Kitty Collecting and a Belated National Cat Day

Full disclosure: We don’t like cats. Dipper isn’t a fan and I only ever grew up with dogs. Despite never owning a cat, I spent a lot of money on them as a kid. Beanie Babies. Books. And cat toys. I regularly spent my allowance on catnip mice and cat wands even though I didn’t actually have a cat. Cat toys and accessories are just so much cuter than dog toys. Covered beds? Cardboard tents? Hammocks?! Even now, as my closet is filled with cat-print sweaters and socks, I think cat culture is infinitely better than dog culture. Neko Atsume: Kitty Collector, a Japanese mobile app, is the most recent case in point.

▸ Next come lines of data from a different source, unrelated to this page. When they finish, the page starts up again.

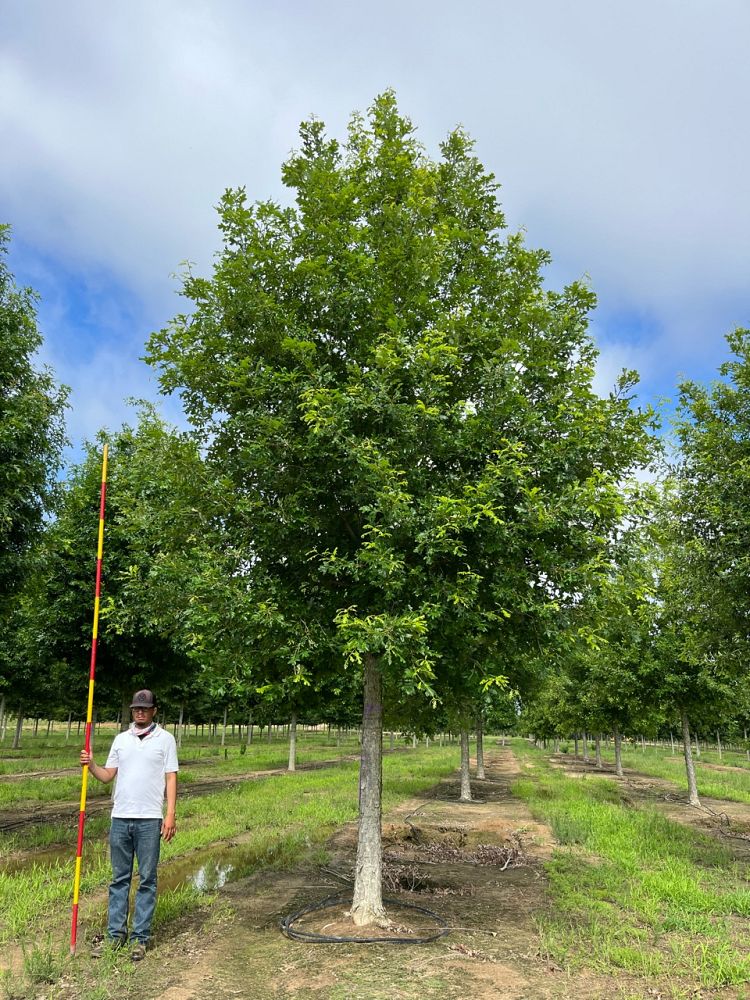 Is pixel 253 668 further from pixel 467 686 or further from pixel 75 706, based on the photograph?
pixel 75 706

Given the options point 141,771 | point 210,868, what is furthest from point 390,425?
point 210,868

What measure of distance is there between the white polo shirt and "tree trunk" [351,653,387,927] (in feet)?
7.40

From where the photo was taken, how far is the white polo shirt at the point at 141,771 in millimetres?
6734

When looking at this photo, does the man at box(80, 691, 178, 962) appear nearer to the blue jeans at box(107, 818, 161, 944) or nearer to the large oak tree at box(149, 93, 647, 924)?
the blue jeans at box(107, 818, 161, 944)

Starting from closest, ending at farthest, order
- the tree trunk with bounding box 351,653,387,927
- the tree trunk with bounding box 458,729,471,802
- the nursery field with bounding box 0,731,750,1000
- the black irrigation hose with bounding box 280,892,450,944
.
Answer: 1. the nursery field with bounding box 0,731,750,1000
2. the black irrigation hose with bounding box 280,892,450,944
3. the tree trunk with bounding box 351,653,387,927
4. the tree trunk with bounding box 458,729,471,802

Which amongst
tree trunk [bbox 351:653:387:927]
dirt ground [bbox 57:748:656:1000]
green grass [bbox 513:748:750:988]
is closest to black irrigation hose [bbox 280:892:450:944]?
dirt ground [bbox 57:748:656:1000]

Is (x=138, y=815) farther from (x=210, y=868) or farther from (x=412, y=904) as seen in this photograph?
(x=210, y=868)

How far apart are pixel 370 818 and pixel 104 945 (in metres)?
2.98

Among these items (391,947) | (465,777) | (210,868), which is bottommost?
(465,777)

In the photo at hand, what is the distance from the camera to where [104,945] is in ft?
20.7

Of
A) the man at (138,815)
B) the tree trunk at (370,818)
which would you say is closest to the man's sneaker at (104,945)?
the man at (138,815)

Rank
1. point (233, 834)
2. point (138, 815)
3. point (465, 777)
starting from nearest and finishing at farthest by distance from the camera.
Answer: point (138, 815), point (233, 834), point (465, 777)

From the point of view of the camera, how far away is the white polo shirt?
22.1ft

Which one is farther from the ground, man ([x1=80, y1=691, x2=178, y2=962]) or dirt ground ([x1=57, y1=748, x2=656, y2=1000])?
man ([x1=80, y1=691, x2=178, y2=962]) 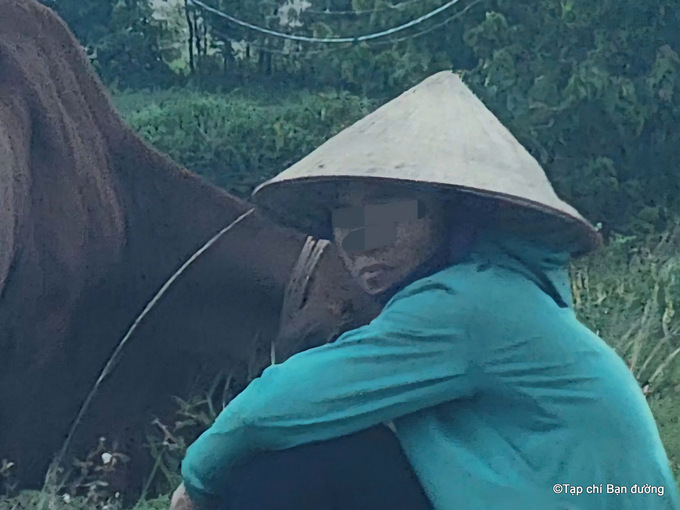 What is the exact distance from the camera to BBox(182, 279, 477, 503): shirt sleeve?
5.95 ft

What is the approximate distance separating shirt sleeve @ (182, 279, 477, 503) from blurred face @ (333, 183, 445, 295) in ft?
→ 0.46

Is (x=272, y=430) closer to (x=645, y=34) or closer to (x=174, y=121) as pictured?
→ (x=174, y=121)

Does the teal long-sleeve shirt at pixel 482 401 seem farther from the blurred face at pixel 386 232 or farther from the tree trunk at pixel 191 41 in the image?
the tree trunk at pixel 191 41

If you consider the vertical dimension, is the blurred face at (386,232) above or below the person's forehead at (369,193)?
below

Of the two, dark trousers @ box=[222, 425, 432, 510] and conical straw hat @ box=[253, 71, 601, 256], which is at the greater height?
conical straw hat @ box=[253, 71, 601, 256]

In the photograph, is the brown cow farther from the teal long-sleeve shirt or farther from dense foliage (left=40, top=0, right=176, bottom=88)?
the teal long-sleeve shirt

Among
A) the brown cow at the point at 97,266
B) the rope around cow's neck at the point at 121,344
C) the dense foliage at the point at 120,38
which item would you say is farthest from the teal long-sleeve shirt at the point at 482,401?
the dense foliage at the point at 120,38

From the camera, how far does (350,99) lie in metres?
3.59

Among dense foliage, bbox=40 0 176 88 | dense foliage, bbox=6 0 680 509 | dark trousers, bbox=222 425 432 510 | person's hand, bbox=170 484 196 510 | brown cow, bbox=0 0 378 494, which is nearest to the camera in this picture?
dark trousers, bbox=222 425 432 510

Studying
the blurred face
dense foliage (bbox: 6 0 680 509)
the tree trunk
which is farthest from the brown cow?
the blurred face

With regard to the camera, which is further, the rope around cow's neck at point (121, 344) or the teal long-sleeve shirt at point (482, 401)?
the rope around cow's neck at point (121, 344)

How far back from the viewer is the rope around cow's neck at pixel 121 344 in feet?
10.3

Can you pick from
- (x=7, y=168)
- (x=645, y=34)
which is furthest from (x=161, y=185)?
(x=645, y=34)

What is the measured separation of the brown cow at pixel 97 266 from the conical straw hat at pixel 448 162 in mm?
985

Neko Atsume is a game about, well, collecting cats. It’s a lot more humane than it sounds. The player places food and various items—like beds, balls of yarn, and cardboard boxes—in a customizable garden and waits. Waits for what? Cats.

LDBP neko atsume garden

Stray cats visit the player’s garden to eat, play, and sleep. The premise of the game is really just to spot every cat. They bring fish that serve as currency, which the player uses to buy items and attract more cats. It’s everything I ever loved about cats in theory—watching them swat at feather wands and laze in the sun.

Simple and adorable

The game itself is very simple in gameplay, design, and even processing power. Neko Atsume is one of the few apps that will work on my archaic iPhone 4, and it doesn’t drain my battery. The game is stationary for the most part and only a few items are animated.

The scrapbook logs kitty visitors' favorite toys, how many times they've visited, and all of the player's photos. Players can name the cats, too!
The scrapbook logs kitty visitors’ favorite toys, how many times they’ve visited, and all of the player’s photos. Players can name the cats, too!

But the items are what I really love about Neko Atsume. They’re so reflective of what’s great about cat culture—cardboard boxes shaped like cafés and cheeseburger beds—all the stuff I wanted to spend my money on in third grade. They make for a game lighthearted and refreshing in its earnest sweetness.

I beat the game a few months ago but I recently started playing again after hearing about its English-language release. Neko Atsume is so fun—and simple—that I was willing and able to play it in Japanese!

Free and relaxing

Neko Atsume is free, but like any mobile game, there are micro-transactions. Or, using real money to buy in-game cat beds and sushi. But unlike most games, it’s entirely possible to beat the game without spending any money. In fact, it’s pretty easy—I collected every cat in about a month.

That is, I played for a few minutes every day for a month. At most, the player can really only spend five minutes on the game once every few hours before running out of things to do. For that reason, players can leave their cats alone for extended periods of time without any repercussions.  It’s not like Nintendogs, where the player returns to a bunch of hungry, dirty, sad dogs after not touching the game for a week. That’s just something else for me to be anxious about.

For me, Neko Atsume is a way to placate my urge to buy toys for a cat I don’t have. For everyone else, it’s a great way to de-stress between classes or distract yourself on the train in an innocent, fun, and refreshing way.

Happy (very belated) National Cat Day!